Information supplied:
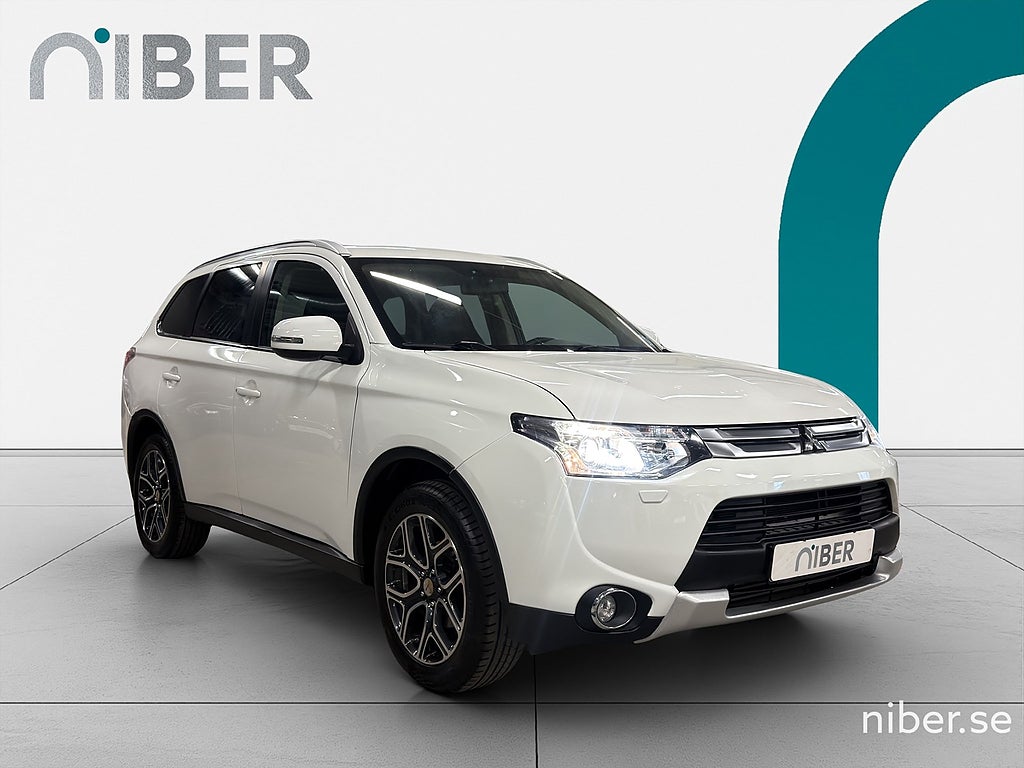 Mitsubishi Outlander 2.2 Di-D 4WD Business 7-sits, Läder, Kamera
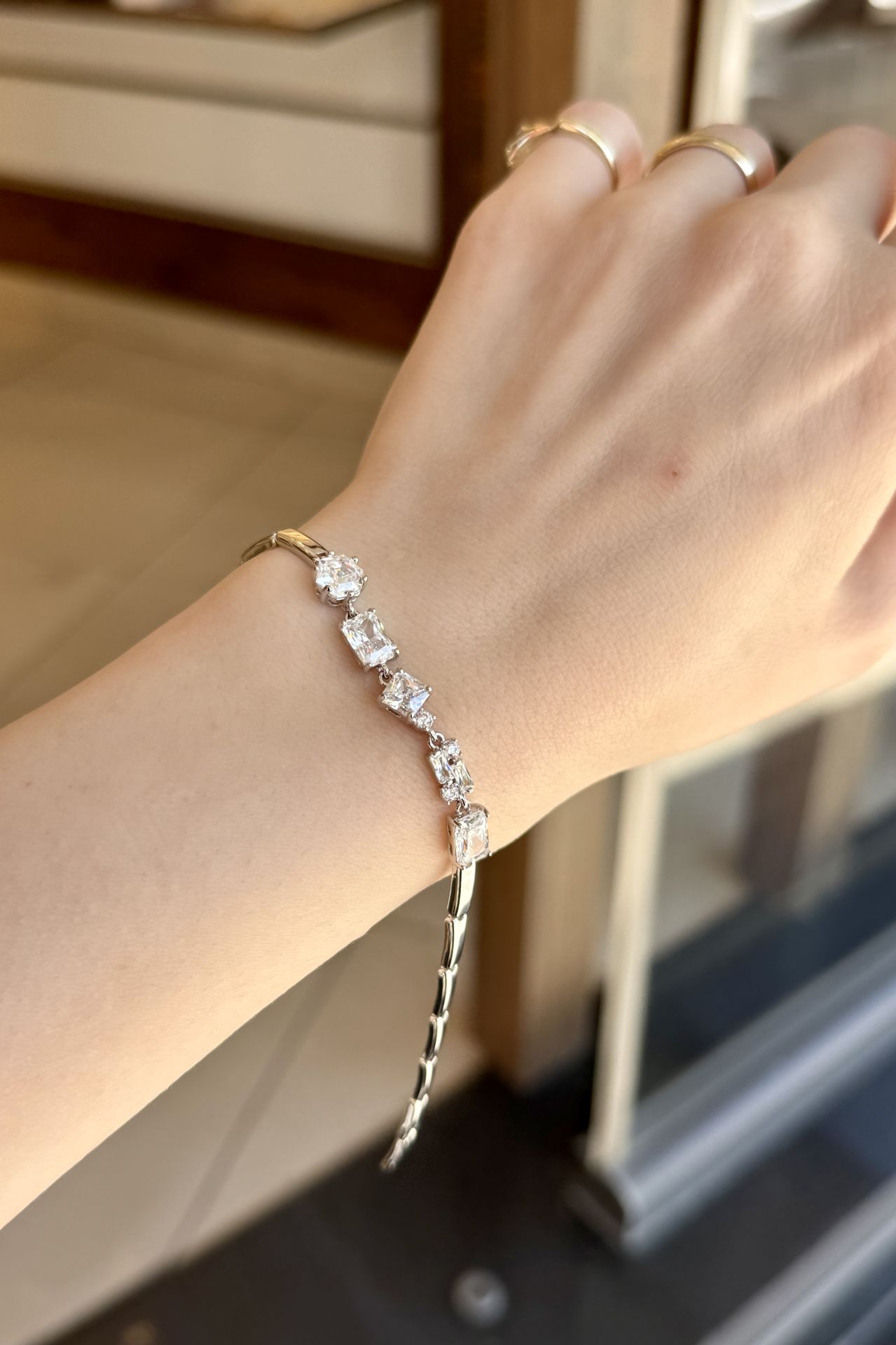 VIP Asimetrik Zirkon Taş İşleme Bileklik 19 cm Gümüş Renk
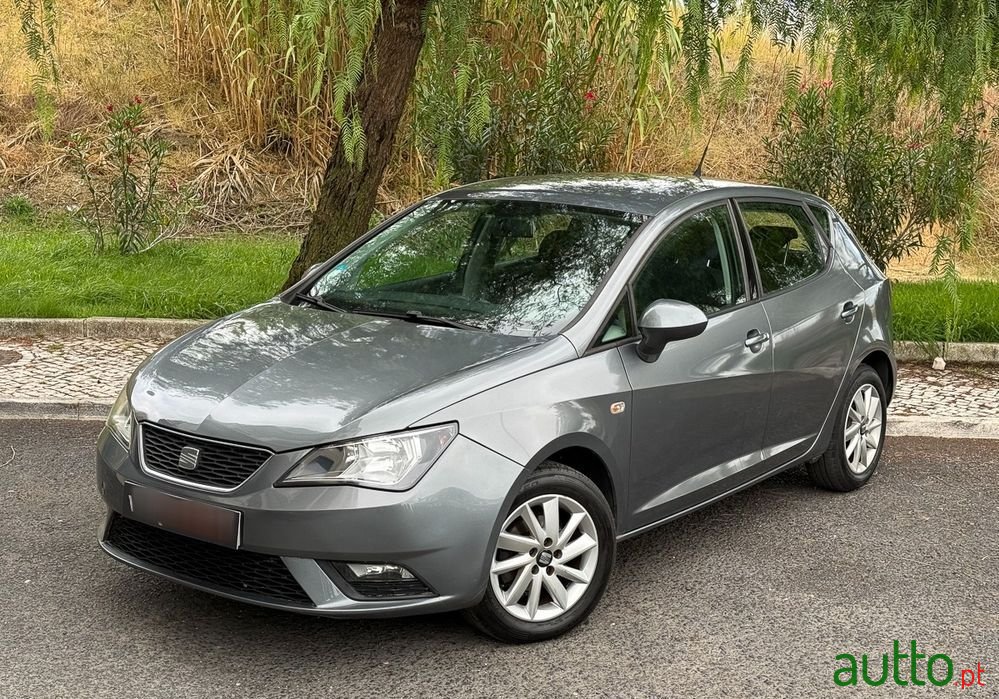 2013' SEAT Ibiza photo #2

Task prompt:
Transcribe the listing above in full and exactly; no pictures belong in the copy.

Exercise response:
 Mitsubishi Outlander 2.2 Di-D 4WD Business 7-sits, Läder, Kamera
 VIP Asimetrik Zirkon Taş İşleme Bileklik 19 cm Gümüş Renk
 2013' SEAT Ibiza photo #2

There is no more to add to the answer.